- Opening Delimiter -

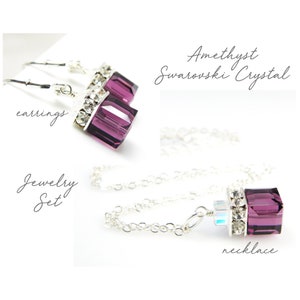 May include: Amethyst Swarovski crystal jewelry set, featuring a necklace and earrings. The necklace is a silver chain with a pendant featuring a purple crystal with clear crystal accents. The earrings are silver hooks with a purple crystal and clear crystal accents.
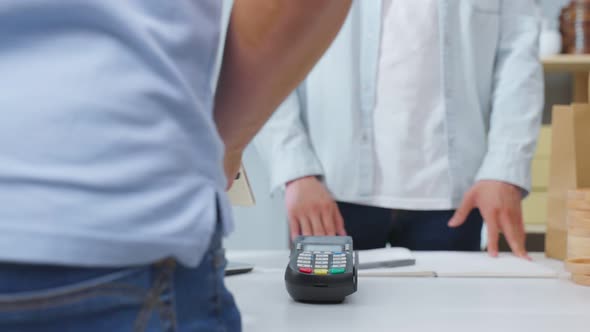 Close up hands of young man use mobile phone pay for vase goods order.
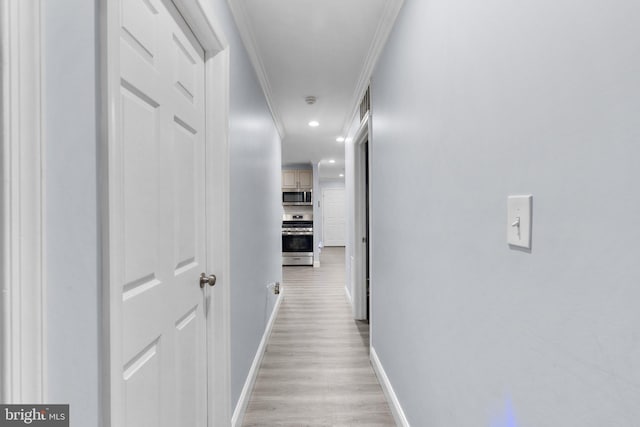 hallway with ornamental molding and light hardwood / wood-style flooring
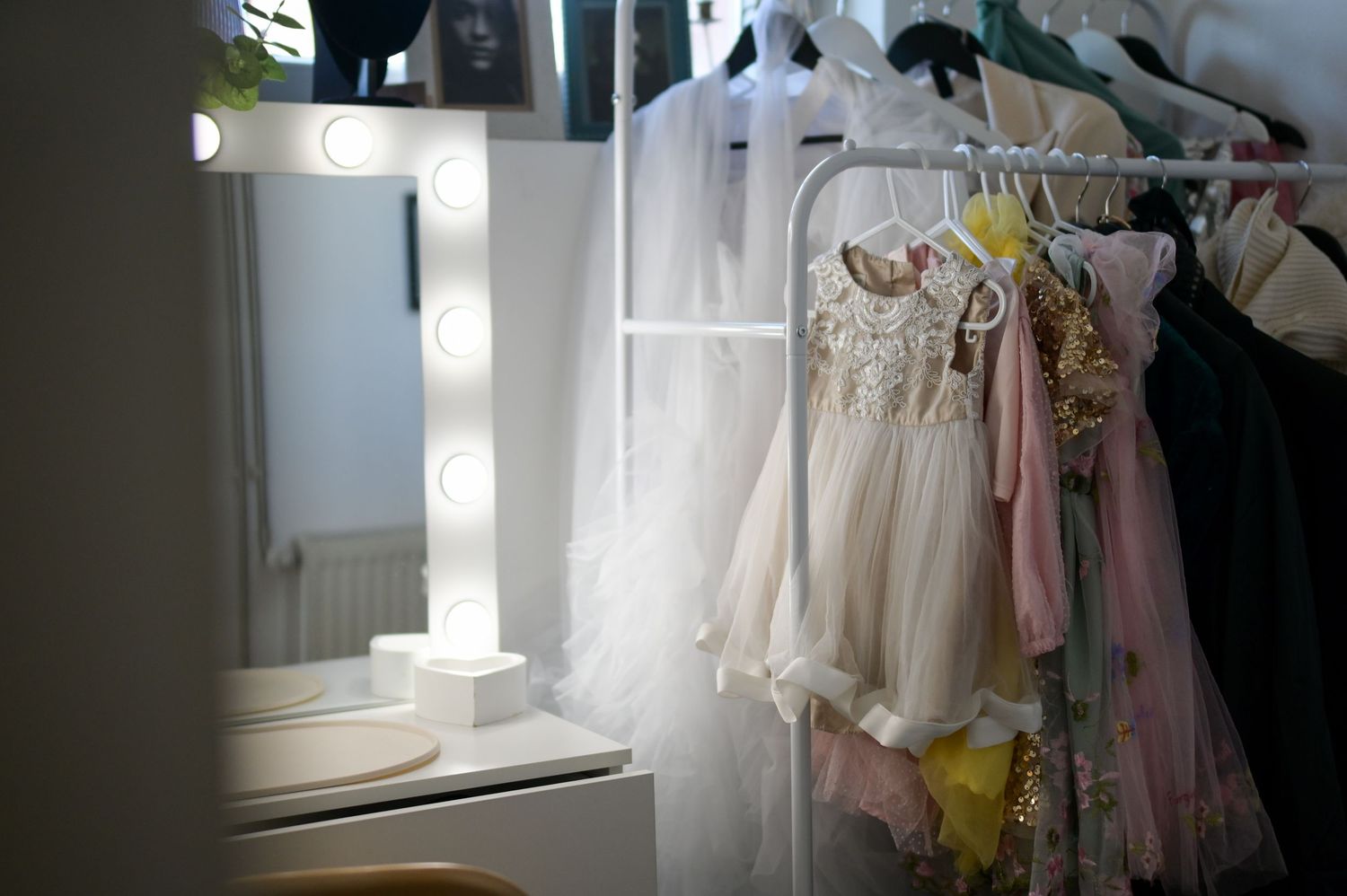Ethereal white tulle drapes create a dreamy atmosphere in a teal-colored room with romantic floral arrangements.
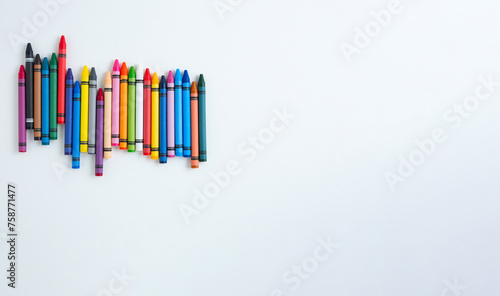 Children's multi-colored wax crayons for drawing on a white album sheet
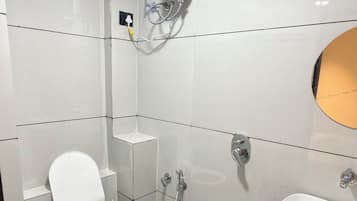 A bathroom with a toilet, a sink, a shower, and a blue bucket.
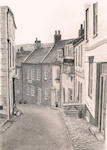 a pencil drawing looking down the hill in King Street, Robin Hoods Bay, showing houses and a pub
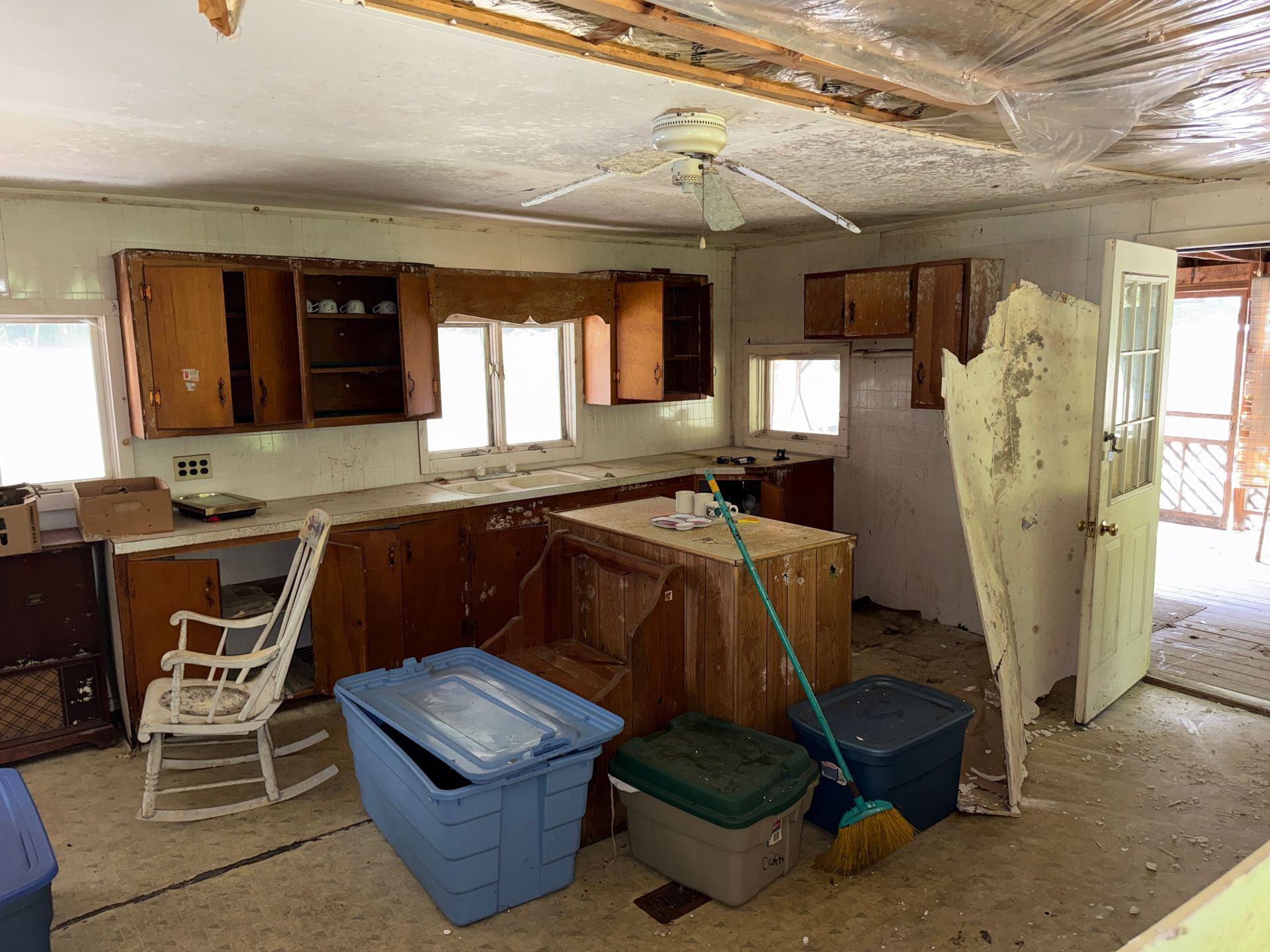 kitchen with cabinets, chairs, storage bins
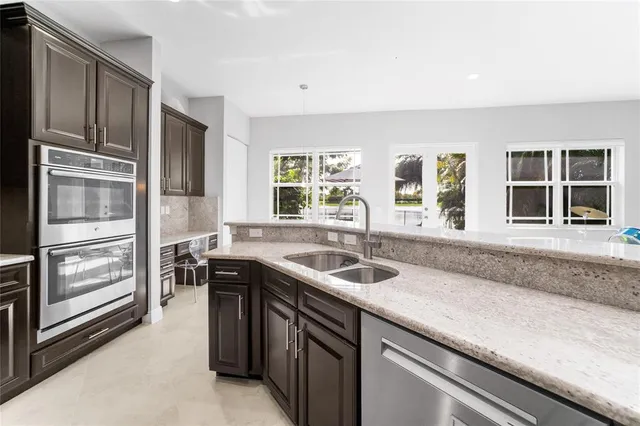 $949,900 | 9730 Blue Isle Bay, Parkland, FL 33076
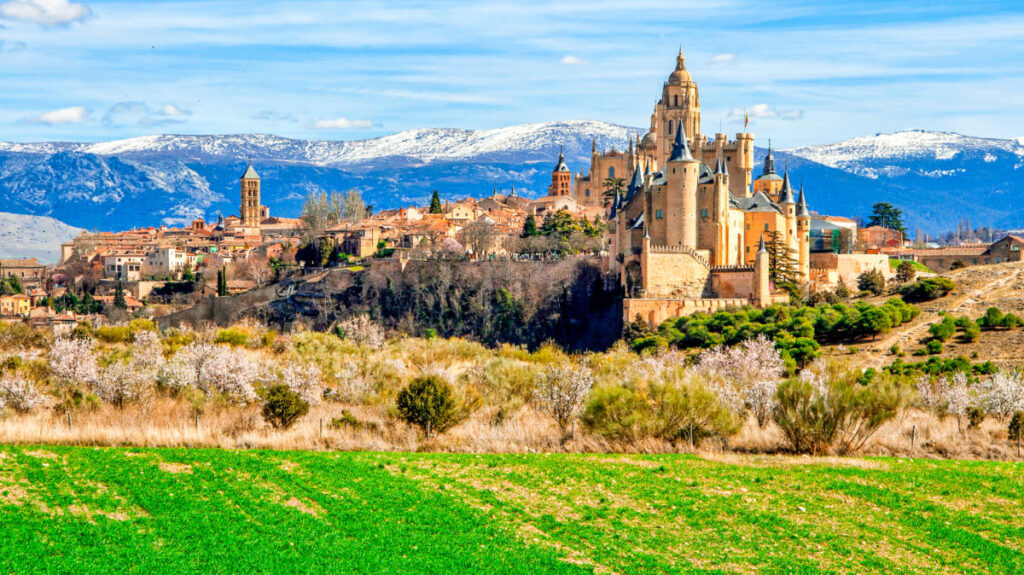 View of the Alcazar of Segovia in the distance with mountain ranges in the background
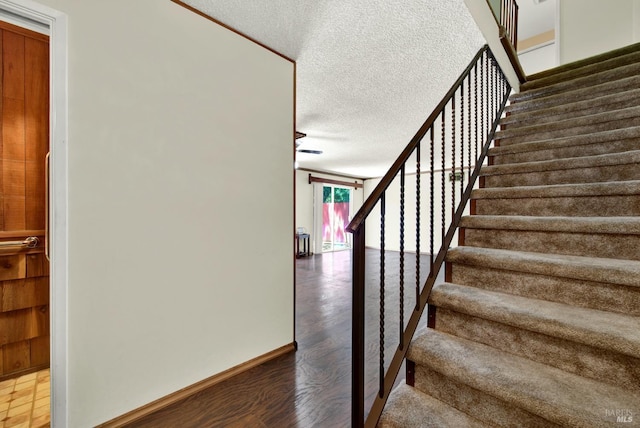970 El Camino Ave Unit 3, Vacaville, CA 95688 - stairway with a textured ceiling, wood finished floors, and baseboards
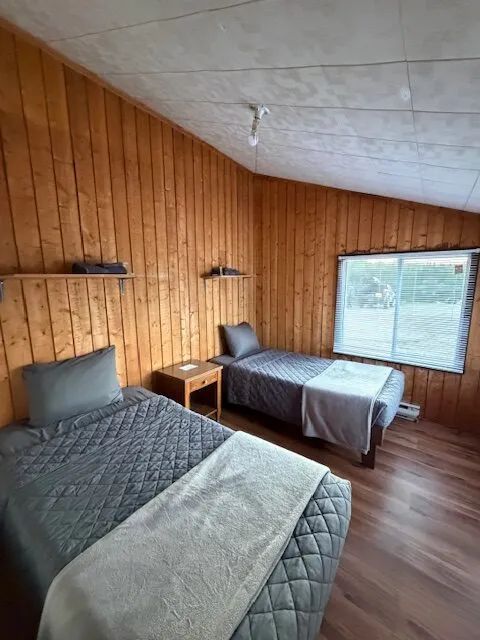 This cabin bedroom features two single beds with wood-paneled walls.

- Closing Delimiter -

■ **What to work on**: Please copy exactly, and only, the lines from the one that contains "Children's multi-colored wax" through the last line of the data above, omitting all pictures.

■ **Answer space**:
 Children's multi-colored wax crayons for drawing on a white album sheet
 A bathroom with a toilet, a sink, a shower, and a blue bucket.
 a pencil drawing looking down the hill in King Street, Robin Hoods Bay, showing houses and a pub
 kitchen with cabinets, chairs, storage bins
 $949,900 | 9730 Blue Isle Bay, Parkland, FL 33076
 View of the Alcazar of Segovia in the distance with mountain ranges in the background
970 El Camino Ave Unit 3, Vacaville, CA 95688 - stairway with a textured ceiling, wood finished floors, and baseboards
 This cabin bedroom features two single beds with wood-paneled walls.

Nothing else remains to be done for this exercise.